JULY 2006 • VOLUME 11 • ©HORSES For LIFE™ Magazine


A Little Yellow Horse

           For me, It all started about 10 years ago with a little yellow horse, a horse that had been mishandled if not to say abused for most of his life. His body was a mess, his mind was one continuous stream of defense based responses and to ride him was like riding 13 different horses, all agreeing on only one thing – attack was the best line of defense. And if that failed, evade, evade, evade….

Juno, as I came to call him, had been placed in my care, as far as I could tell, almost as a joke. His owner was fed up and had given up on him. Her trainers and riders showed him nothing but contempt, and he returned the favour in kind, tenfold. Biting, kicking, bolting, bucking…Well, I was new in town and looking for a ride, so I was willing and keen enough. I ignored the chuckles and long slanted looks and went to meet my new mount…

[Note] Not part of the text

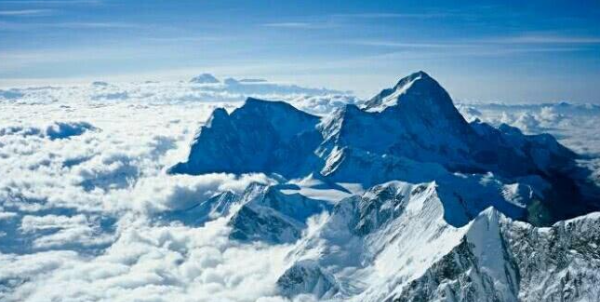 喜马拉雅山是哪两个板块,喜马拉雅山是由哪两个板块碰撞而成的?哪个板块抬升的图1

 Long story short, he and I got along just fine, somehow I connected with him right away and he never did hurt me like he had others. I never did get a buck out of him and if anything had a little trouble getting all 13 horses to agree to move forward at more than a jog – they seemed to prefer to go in all directions at once, and slowly, at that.

Canter in either direction was a disunited mess, and using his topline was out of the question, according to all 13 committee members. A soft and elastic contact meant he didn’t throw his head for 3 strides, and a good ride was when we accomplished and maintained something more than a jog with relative ease.

One by one I dismantled his manifold defenses, from the ground up.  In the meantime, I found a job as assistant to a staunch ‘classical’ dressage trainer, and was relieved when eventually Junos’ owner allowed me to move him to my trainers facility. Not only would it be time saving, but I was convinced getting him out of the hostile environment could only further my cause.

We commenced with lessons with my trainer. Holding to classical ideals, absolutely no gimmicks or gadgets were ever involved, no matter how tempting they might have been – he had already seen most every one of them anyway, as a large mass of scartissue and an obvious break at C-3 attested to. Canter remained a mess, it was cause for exhilaration if we got as little as 5 true strides before he broke to the piggly-wiggly. Trot was still an education in evasions and though contact improved as he learnt to trust my hands and the soft white rubber bit, connecting one end to the other seemed a very long, long way off.